Ala Wai dredging all pau
|||Graphic (opens in new window): Cleaning out the Ala Wai Canal|
|||Large shrimp thriving in Ala Wai Canal muck|
By James Gonser
Advertiser Urban Honolulu Writer
After more than a year of work, the dredging of the Ala Wai Canal was completed yesterday with 185,801 cubic yards of trash, debris and muck pulled from the Waikiki waterway.
The project even made national news when several giant mantis shrimp, a rare discovery, were caught in the canal and eaten by some of the workers.
Dredging of the 2-mile canal to a depth of 6 to 12 feet began on Aug. 22, 2002. Two decades of sediment and debris had left the canal only inches deep in sections, and American Marine Corp. won the $7.4 million contract to remove the muck.
Most of sediment was taken by barge to a federally approved ocean dumping site about four miles off the coastline at Honolulu International Airport.
In the final portion of the project, a 400-foot section near Kapahulu Avenue, workers removed 1,650 cubic yards of sediment that officials say is likely to contain pollutants, including chlordane. Chlordane was Hawai'i's termite ground treatment of choice until it was banned for commercial use in 1988.
That material was taken to a disposal site at the airport's reef runway for treatment. There, under a plan approved by the federal Environmental Protection Agency, the dredged material was dumped into a lined pit, dried and then mixed with a cement binder. It is now structural fill at the airport.
American Marine also completed a project for Hawaiian Electric Co. yesterday to remove two old power cables from the canal near the McCully Bridge, said HECO spokesman Bruce Benson.
Two active cables remain in the canal, and they will be replaced before a U.S. Army Corps of Engineers plan to dredge the canal to 13 feet deep is started in 2008, Benson said.

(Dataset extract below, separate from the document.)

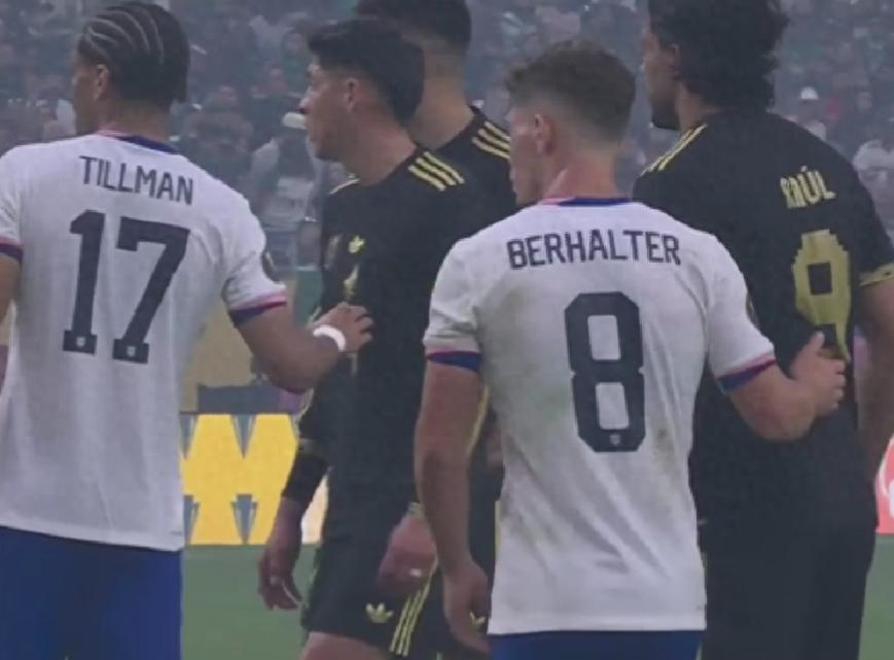 IM体育网页版登录入口-墨西哥足球队取得胜利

Eric Hirano, engineering chief for the state Department of Land and Natural Resources, said the canal should be dredged every 10 years, but the next state dredging would be in 2018 after the Army Corps work.
Hirano said the project went smoothly with minimal complaints about noise and foul smells, but recreational use was limited while work progressed.
"I think it is hard to see the difference but there are no islands in the middle of the canal anymore," Hirano said. "We're glad the project is done and the public can enjoy the use of the canal again."